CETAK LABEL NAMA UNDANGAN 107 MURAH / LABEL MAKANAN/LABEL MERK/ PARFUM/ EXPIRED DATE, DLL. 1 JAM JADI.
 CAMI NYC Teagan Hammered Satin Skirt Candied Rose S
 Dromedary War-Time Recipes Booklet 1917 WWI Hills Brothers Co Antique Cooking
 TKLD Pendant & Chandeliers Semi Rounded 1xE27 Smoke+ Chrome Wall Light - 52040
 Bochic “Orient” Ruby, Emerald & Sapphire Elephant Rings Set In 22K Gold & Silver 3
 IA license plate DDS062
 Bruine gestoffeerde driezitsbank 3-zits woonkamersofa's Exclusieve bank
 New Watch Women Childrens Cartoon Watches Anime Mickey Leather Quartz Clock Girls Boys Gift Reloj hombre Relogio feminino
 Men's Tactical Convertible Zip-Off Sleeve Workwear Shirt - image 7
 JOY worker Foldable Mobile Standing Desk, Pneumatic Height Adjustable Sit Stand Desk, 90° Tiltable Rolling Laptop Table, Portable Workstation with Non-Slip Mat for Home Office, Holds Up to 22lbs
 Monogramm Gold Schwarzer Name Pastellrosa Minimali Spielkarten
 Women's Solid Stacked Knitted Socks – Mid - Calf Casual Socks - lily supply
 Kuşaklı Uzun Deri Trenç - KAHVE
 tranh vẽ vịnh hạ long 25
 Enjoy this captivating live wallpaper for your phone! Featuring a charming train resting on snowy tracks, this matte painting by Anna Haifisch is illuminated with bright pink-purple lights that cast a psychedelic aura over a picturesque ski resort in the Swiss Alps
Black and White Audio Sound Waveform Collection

——————

About this exercise>
What is needed is every line from the start of the entries through the line containing "Kuşaklı Uzun Deri Trenç - KAHVE", returned word for word and nothing else.

Task result>
CETAK LABEL NAMA UNDANGAN 107 MURAH / LABEL MAKANAN/LABEL MERK/ PARFUM/ EXPIRED DATE, DLL. 1 JAM JADI.
 CAMI NYC Teagan Hammered Satin Skirt Candied Rose S
 Dromedary War-Time Recipes Booklet 1917 WWI Hills Brothers Co Antique Cooking
 TKLD Pendant & Chandeliers Semi Rounded 1xE27 Smoke+ Chrome Wall Light - 52040
 Bochic “Orient” Ruby, Emerald & Sapphire Elephant Rings Set In 22K Gold & Silver 3
 IA license plate DDS062
 Bruine gestoffeerde driezitsbank 3-zits woonkamersofa's Exclusieve bank
 New Watch Women Childrens Cartoon Watches Anime Mickey Leather Quartz Clock Girls Boys Gift Reloj hombre Relogio feminino
 Men's Tactical Convertible Zip-Off Sleeve Workwear Shirt - image 7
 JOY worker Foldable Mobile Standing Desk, Pneumatic Height Adjustable Sit Stand Desk, 90° Tiltable Rolling Laptop Table, Portable Workstation with Non-Slip Mat for Home Office, Holds Up to 22lbs
 Monogramm Gold Schwarzer Name Pastellrosa Minimali Spielkarten
 Women's Solid Stacked Knitted Socks – Mid - Calf Casual Socks - lily supply
 Kuşaklı Uzun Deri Trenç - KAHVE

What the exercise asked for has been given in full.